At a high level, the tidyverse is a language for solving data science challenges with R code. Its primary goal is to facilitate a conversation between a human and a computer about data. Less abstractly, the tidyverse is a collection of R packages that share an underlying design philosophy, grammar, and data structures, so that learning one package should make it easier to learn the next.
The tidyverse encompasses the repeated tasks at the heart of every data science project: data import, tidying, manipulation, visualisation, and programming. We expect that almost every project will use multiple domain-specific packages outside of the tidyverse: our goal is to provide tooling for the most common challenges, not to solve every possible problem. Notably, the tidyverse doesn’t include tools for statistical modelling or communication.
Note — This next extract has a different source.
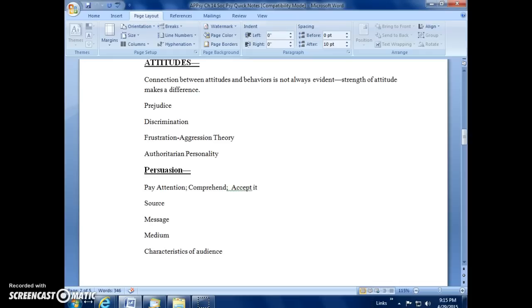Where do we get attitudes? Many of them are from direct environmental experience. This would be something the behaviorists would be very supportive of. We also get them from imitation. A lot of times we'll pick up through modeling attitudes and ideas from other people.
These toolkits are critical for data science, but are so large that they merit separate treatment.
This paper describes the tidyverse package, the components of the tidyverse, and some of the underlying philosophy.
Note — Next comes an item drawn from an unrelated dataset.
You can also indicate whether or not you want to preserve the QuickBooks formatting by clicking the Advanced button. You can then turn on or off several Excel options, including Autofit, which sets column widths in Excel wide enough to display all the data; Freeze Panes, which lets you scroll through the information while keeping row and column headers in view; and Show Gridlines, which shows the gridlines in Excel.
As well as being a collection of packages, the tidyverse itself is also a package. This provides a convenient way of downloading all tidyverse packages with a single R command:
The core tidyverse includes the packages that you’re likely to use in everyday data analyses, and these are loaded when you load the tidyverse package:
library(tidyverse) #> ── Attaching packages ───────────────────────────── tidyverse 126.96.36.19900 ── #> ✔ ggplot2 3.2.0 ✔ purrr 0.3.2 #> ✔ tibble 2.1.3 ✔ dplyr 0.8.2 #> ✔ tidyr 0.8.3 ✔ stringr 1.4.0 #> ✔ readr 1.3.1 ✔ forcats 0.4.0 #> ── Conflicts ───────────────────────────────────── tidyverse_conflicts() ── #> ✖ dplyr::filter() masks stats::filter() #> ✖ dplyr::lag() masks stats::lag()
As of tidyverse 1.2.0, the core packages include ggplot2 (Wickham 2016a), dplyr (Wickham et al. 2018), tidyr (Wickham and Henry 2018), readr (Wickham, Hester, and Francois 2018), purrr (Henry and Wickham 2018), tibble (Müller and Wickham 2018), stringr (Wickham 2018b), and forcats (Wickham 2018a).
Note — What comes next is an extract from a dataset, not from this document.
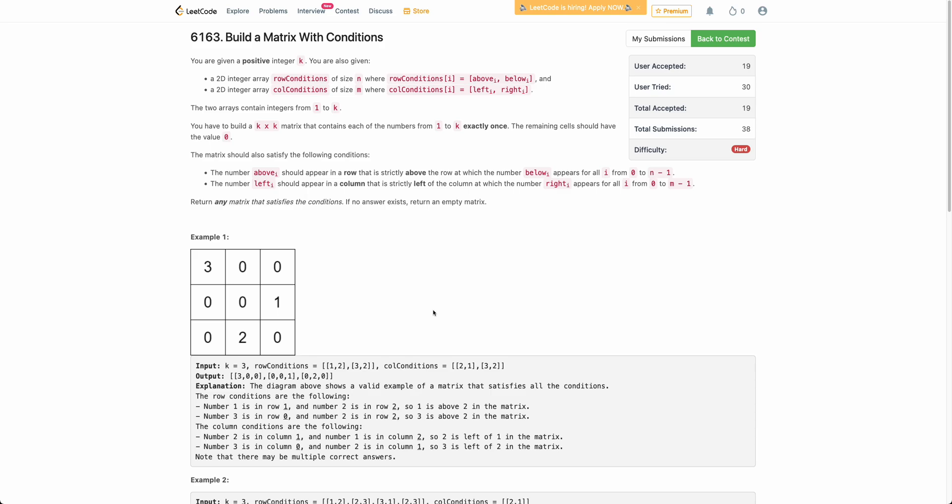Hello everyone. Welcome back to the channel. In this video, we will be discussing about the last problem of today's weekly contest: Build a Matrix with Conditions.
Non-core packages are installed with
install.packages("tidyverse"), but are not loaded with
library(tidyverse). They play more specialised roles, so will be individually loaded by the analyst as needed.
How do the component packages of the tidyverse fit together? We use the model of data science tools from “R for Data Science” (Wickham and Grolemund 2017):
Every analysis starts with data import: if you can’t get your data into R, you can’t do data science on it! Data import takes data stored in a file, database, or web API, and reads it into a data frame in R. Data import is supported by the core readr (Wickham, Hester, and Francois 2018) package for flat files (like csv, tsv, and fwf). Additional non-core packages, such as readxl (Wickham and Bryan 2018), rvest (Wickham 2016b), and haven (Wickham and Miller 2018), make it possible to import data stored in other common formats.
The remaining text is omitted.